First and foremost: I am not a Gaiman simp. I've read a decent amount of his work: comics, short stories, essays, and novels. Aside from Good Omens, I've liked Coraline and The Graveyard Book the best by far, whereas American Gods just. Did Not Connect with me, even though it's should have, given the stuff I tend to enjoy.
However. Regardless of whether I like a given work (or even like how he adapted it, a la parts of The Sandman TV series), he is a veteran writer who has proven that he does, actually, know how to write a story with consistent characters.
Beyond that, I do actually believe that he's trying to do right by Pratchett, and loves and respects the story and characters they created together. He's generally shown up as an ally to a variety of social causes, and directly and respectfully responds to fans on Tumblr. While no saint, I feel that there is cause to give the benefit of the doubt that things will resolve satisfyingly in S3, and that there is Intention about some of the things in S2.

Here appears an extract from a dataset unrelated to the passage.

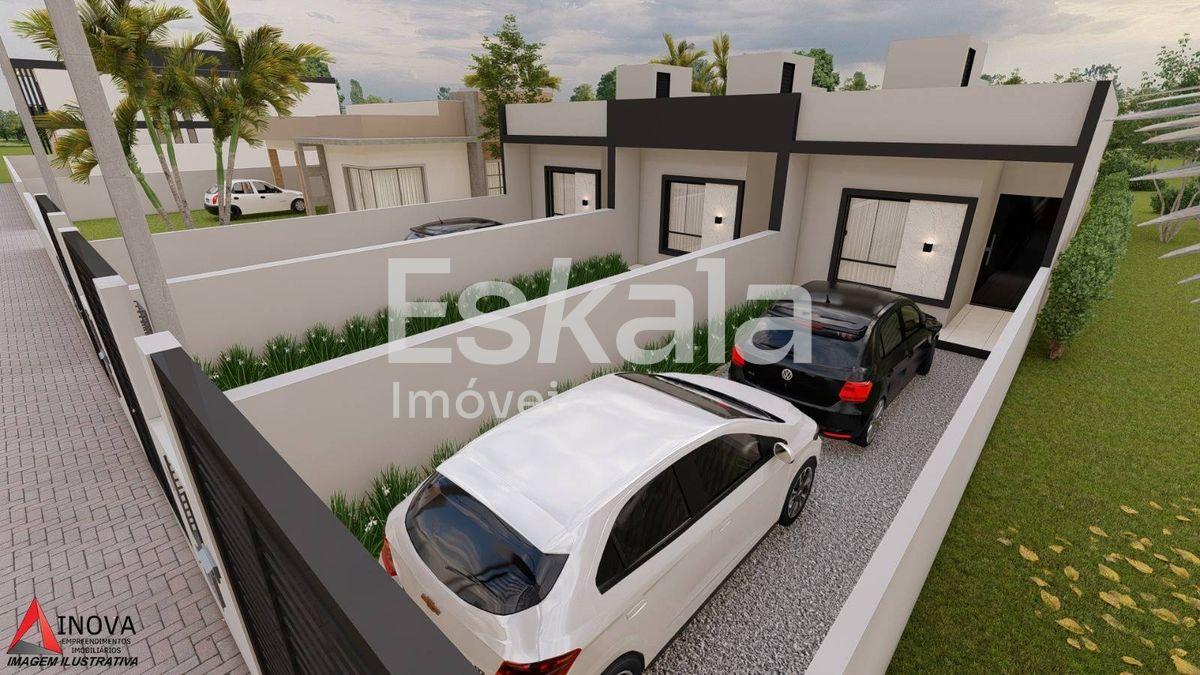 Casa Geminada Com 02 Dormitórios Corticeira - Guaramirim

This, of course, does not absolve it of being "bad," but even here I think we need to articulate better the different types of "bad" that people are reacting to. There seems to roughly be three camps here: 1) People who thought it was "bad" because of how it ended, with the breakup and a lot of unresolved plot threads; 2) People who thought it was "bad" because it struggled on a technical level with its set, lighting, directorial choices, editing, etc; 3) People who thought it was "bad" because they felt the characterization was significantly off and that the internal logic of the series had been violated.
With regards to Point One, the only solution is to Wait and See. Judgement should be reserved until the story is properly finished--easier said than done, especially considering the current media landscape, and the number of series or franchises that fail to live up to their promises.
Point Two isn't something I understand well enough to contribute meaningfully, except that I suspect the pandemic affected this aspect the most and am willing to give it a bit more mercy. That aside, I for the most part I don't find it bad so much as not as good as S1. Except for the parts with epilepsy warnings, surely there could've been a better way to do that.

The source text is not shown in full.